The United States carries out siege warfare against Cuba. The US pressures other governments, banking institutions and companies throughout the world, as well as pursuing obsessively any sources of hard currency transactions for Cuba. The intention is to cause an economic collapse. This is considered an act of war by international law.
‘To Bring about Hunger, Desperation, and Overthrow of Government’
Here is the infamous Mallory memo from April 6 1960, written by Assistant Secretary of State for Inter-American Affairs Lester Mallory. It states the original, unchanging, unvarnished reasons for the decision to blockade Cuba:
The only foreseeable means of alienating internal
support is through disenchantment and disaffection based on
economic dissatisfaction and hardship.
It follows that every possible means should be undertaken promptly
to weaken the economic life of Cuba.
If such a policy is adopted,
it should be the result of a positive decision which would call forth
a line of action which, while as adroit and inconspicuous as possible
makes the greatest inroads in denying money and supplies to Cuba,
to decrease monetary and real wages, to bring about hunger, desperation,
and overthrow of government,
When US government sources say that the welfare of the Cuban people is a concern and that their motivation is to protect human rights, no one believes this cynical and dishonest pretext.

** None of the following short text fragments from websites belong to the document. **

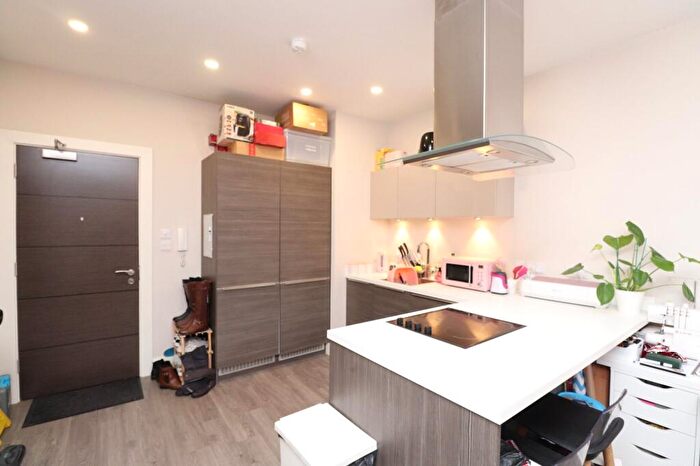 1 Bedroom Flat To Rent In Greenleigh Court, Dawsons Square, Pudsey, West Yorkshire, LS28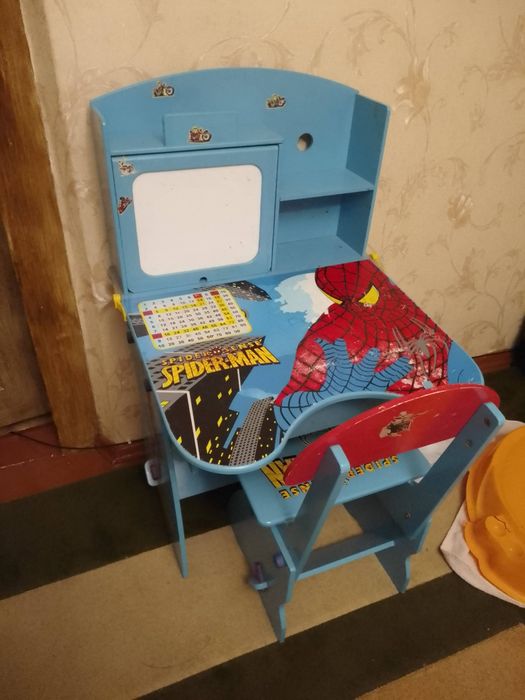 Стіл письмовий дитячий
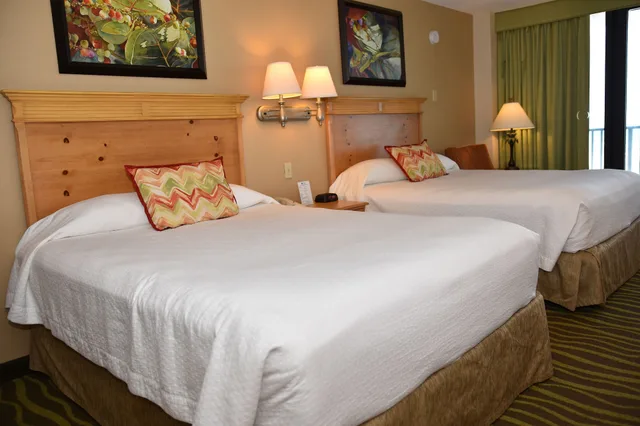 غرفة قياسية بسريرين كوين بإطلالة جزئية على البحر بمطبخ، Nautilus Inn 3/10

What best illustrates the real motivations of the US government is its conduct during the COVID-19 pandemic. When the international community called for compassion and cooperation, the US decided to take advantage of the opportunity to strengthen the blockade, adding 243 additional measures by executive action, making it more difficult for Cuba to obtain medicines, medical equipment and supplies, and materials for the production of vaccines and medicines. The additional blockade measures put in place by Trump have been maintained by the Biden administration, in spite of campaign promises to the contrary.
Cuba Does Not Belong on the US List of State Sponsors of Terrorism
I photographed this cartoon which was painted on a wall in Santa Clara, Cuba, in 2010.
As Trump was leaving office, his regime placed Cuba on the US List of State Sponsors of Terrorism, which creates even greater difficulties for transactions and financing.
The pretexts for this? Assata Shakur, for one. Cuba supports the elected government of Venezuela. After the Havana peace talks between the Colombian government and rebels failed, they followed the international agreements regarding all negotiating parties, even the ELN. Assata Shakur was granted asylum in 1984 as a US political prisoner after COINTELPRO persecution and prosecution.
Rather than being evidence of “terrorism,” these are evidence of the ethical nature of Cuba. A more pragmatic, less idealistic state would have treated Shakur and the ELN representatives as bargaining chips, and it is greatly to Cuba’s credit that even under the extreme conditions created by the pandemic, natural disasters like Hurricane Ian, and the blockade, they have refused to make deals with their lives.